## GIVEN DATA
....................

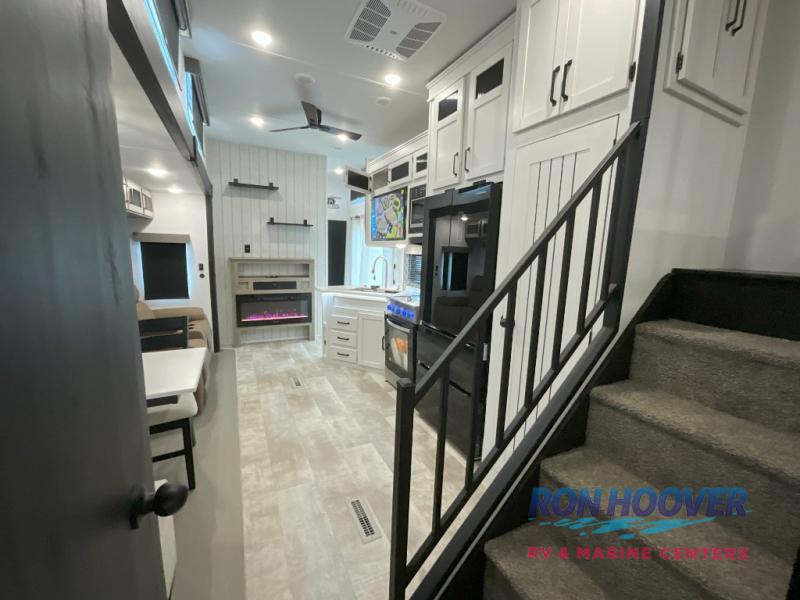 2026 PALOMINO 429LFT - Image 26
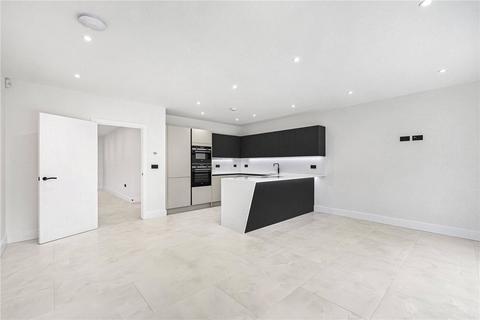 9b Ridgemount Gardens, Enfield, EN2 8QL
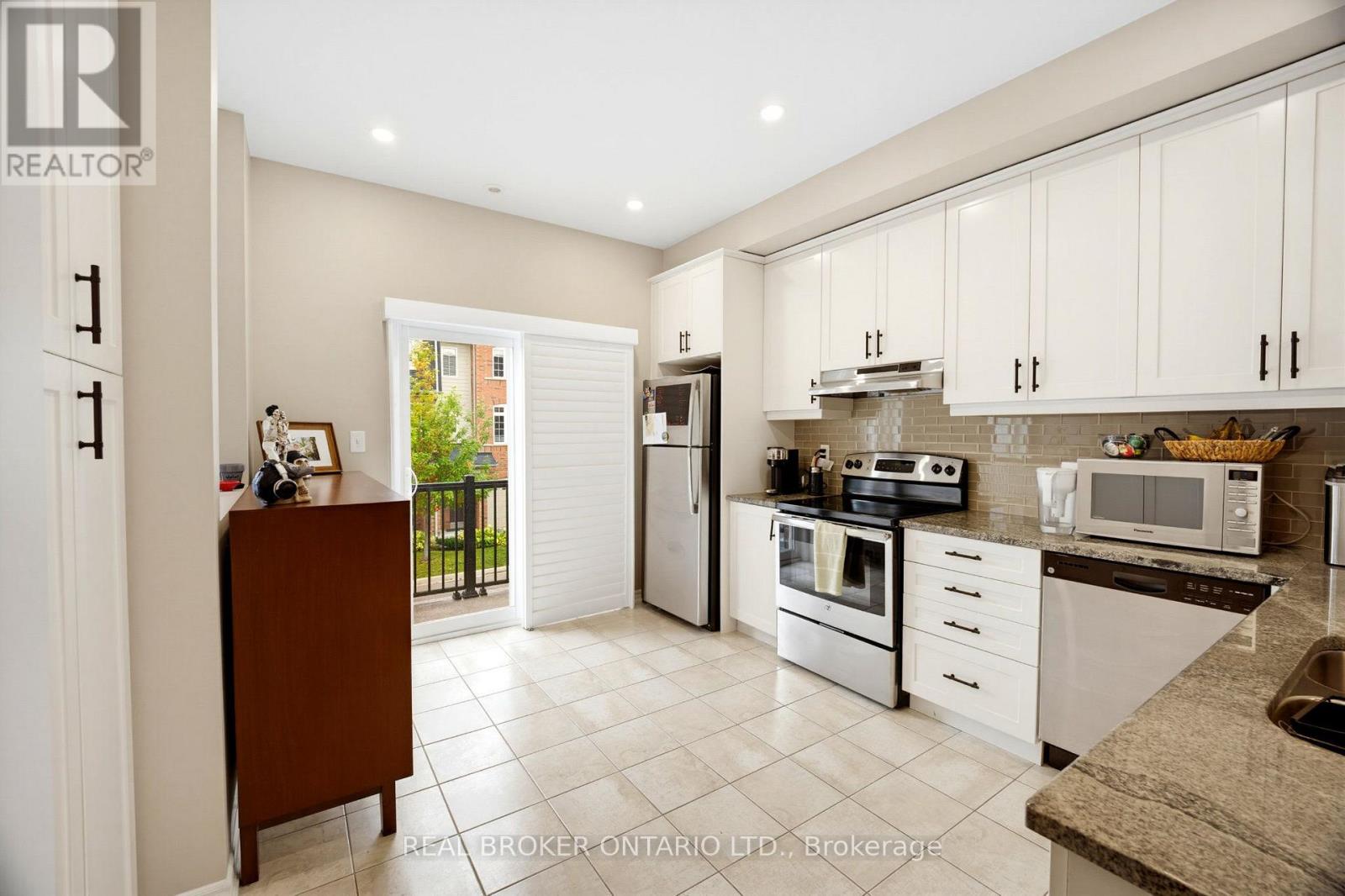 2 - 1123 Haig Boulevard, Mississauga, Ontario  L5E 2M6 - Photo 3 - W14004426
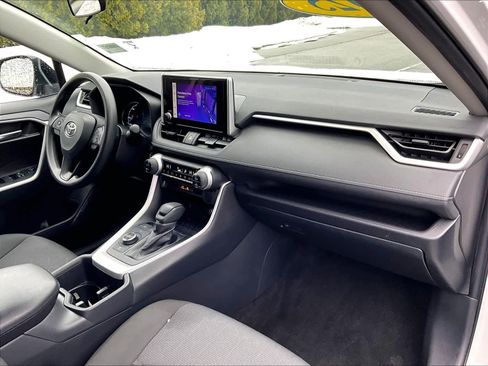 Used 2025 Toyota RAV4 XLE image 14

....................

## TASK STATEMENT
Could you write out the whole listing exactly, skipping every picture?

## ANSWER FOR THIS EXERCISE
 2026 PALOMINO 429LFT - Image 26
 9b Ridgemount Gardens, Enfield, EN2 8QL
 2 - 1123 Haig Boulevard, Mississauga, Ontario  L5E 2M6 - Photo 3 - W14004426
 Used 2025 Toyota RAV4 XLE image 14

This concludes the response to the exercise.